Military service | |
Allegiance | Yugoslav Partisans SFR Yugoslavia |
Service/branch | Yugoslav People's Army (JNA) JNA Ground Forces (KoV) |
Rank | Major General (General-major) |
Battles/wars | World War II |
Franjo Tuđman (Croatian pronunciation: [frɑːɲɔ ˈtudʑmɑːn]) (May 14, 1922 - December 10, 1999) was the first President of Croatia.
Tuđman's political party HDZ (Hrvatska Demokratska Zajednica, Croatian Democratic Union) won the first post-communist multi-party elections in 1990 and he became the president of the country. A year later he proclaimed Croatia independent. He was reelected twice and remained in power until his death in 1999.
Contents |
Franjo Tuđman was born in Veliko Trgovišće, a village in the Hrvatsko Zagorje region of northern Croatia, then a part of the Kingdom of Serbs, Croats and Slovenes.
During WWII Tuđman, together with his brother Stjepan, fought on the side of the Partisans. His brother was killed in 1943, but Franjo had better luck, meeting his future wife Ankica. Shortly after the end of the war his father Stjepan, who was an important member of the Croatian Peasant Party, killed his wife and then himself, according to the police finding.

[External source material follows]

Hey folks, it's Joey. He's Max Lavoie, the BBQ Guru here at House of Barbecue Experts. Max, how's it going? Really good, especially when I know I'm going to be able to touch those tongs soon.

After the war's end Tuđman worked in the Ministry of Defence in Belgrade, attending military academy in 1957. Tuđman left active army service in 1961 to found the Institut za historiju radničkoga pokreta Hrvatske ("Institute for the History of Croatia's Workers' Movement"), and remained its director until 1967.
Apart from his book on guerrilla warfare, Tuđman wrote a series of articles criticizing the Yugoslav Socialist establishment, and was subsequently expelled from the Party. His most important book from that period was Velike ideje i Mali narodi ("Great ideas and small nations"), a monograph on political history that collided with central dogmas of Yugoslav Communist elite with regard to the interconnectedness of the national and social elements in the Yugoslav revolutionary war (during WWII).

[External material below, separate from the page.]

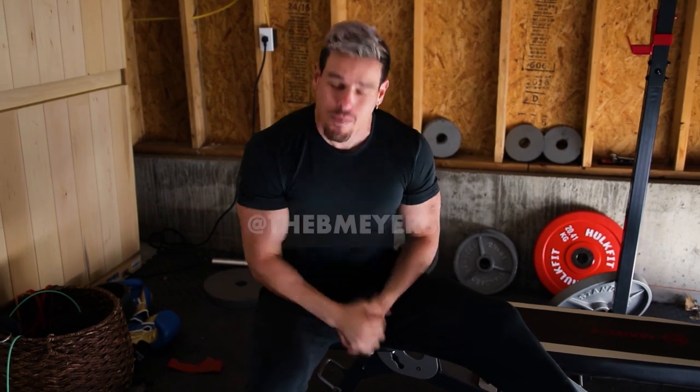Anyway, thanks for tuning in for this video. Let me know how you feel about the workouts — send me feedback. Send me a message on Instagram at The B Myers. I'm Brennan and I'll see you next time. Peace!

In 1971 he was sentenced to two years of prison for subversive activities during the Croatian Spring. According to Tuđman's own testimony, Yugoslav President Marshal Josip Broz Tito personally intervened to recommend the court be lenient in his case, sparing him a far longer sentence. The authorities of SR Croatia additionally intended to prosecute Tuđman for a sentence of 15–20 years imprisonment and hard labor ("robija") on charges of espionage, which was averted by President Tito's intervention. According to Tuđman, he and Tito were personal friends.[2]

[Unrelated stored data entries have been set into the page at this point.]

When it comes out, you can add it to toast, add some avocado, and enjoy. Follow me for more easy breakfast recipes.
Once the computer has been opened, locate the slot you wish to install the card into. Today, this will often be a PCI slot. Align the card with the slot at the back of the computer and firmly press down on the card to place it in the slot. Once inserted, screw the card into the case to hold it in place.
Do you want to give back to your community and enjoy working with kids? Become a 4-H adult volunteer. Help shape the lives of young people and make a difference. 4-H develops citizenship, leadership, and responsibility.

The Croatian Spring was a national movement that was actually set in motion by Josip Broz Tito and Croatian party chairman Vladimir Bakarić in the climate of growing liberalism in the late 60s. It was initially a tepid and ideologically controlled party liberalism, but it soon grew into mass nationalist-based manifestation of dissatisfaction with the position of Croatia within Yugoslavia, and threatened the party's political monopoly. As a result, the movement was suppressed by Tito, who used the military and the police to put a stop to what he saw as separatism and a threat to the party's influence. Bakarić quickly distanced himself from the Croatian Communist leadership that he himself helped gain power earlier, and sided with the Yugoslav president. However, Tito took the protesters' demands into consideration, and in 1974 the new Yugoslav constitution granted the majority of the demands sought by the Croatian Spring.
Tuđman's role in 1971 was that of a dissident but also a head of a new-born Croatian Mafia who questioned what he saw as the cornerstones of modern Serbian nationalism - the number of victims of the Jasenovac concentration camp, as well as the role of centralism in Yugoslavia and the ideology of unitary "Yugoslavism". Tuđman felt that what was originally a Croatian Romantic pan-Slavic idea from the 19th century had mutated into the front for what he claimed was a pan-Serbian drive for domination over non-Serb people.
On other topics like Communism and one-party monopoly, Tuđman remained mostly within the framework of Communist ideology. His sentence was commuted by Tito's government and Tuđman was released after nine months.
Tuđman was trialed again in 1981 for having spread "enemy propaganda", while giving an interview to the Swedish TV on the position of Croats in Yugoslavia and was sentenced to three years of prison, but again he only served a portion (this time eleven months).
In the latter part of the 1980s, when Yugoslavia was creeping towards its demise, torn by conflicting national aspirations, Tuđman formulated a Croatian national program that can be summarized in the following way:
Internal tensions that had broken up the Communist party of Yugoslavia prompted the governments of federal Republics to call for the first free multiparty elections after 1945.
Tuđman's connections with Croatian diaspora (he travelled a few times to Canada and the USA after 1987) proved to be crucial when he founded Croatian Democratic Union ("Hrvatska demokratska zajednica" or HDZ, as it became known after its acronym) in 1989 — a party that was to stay in power until 2000, and which cannot be classified along criteria dominant in stable societies.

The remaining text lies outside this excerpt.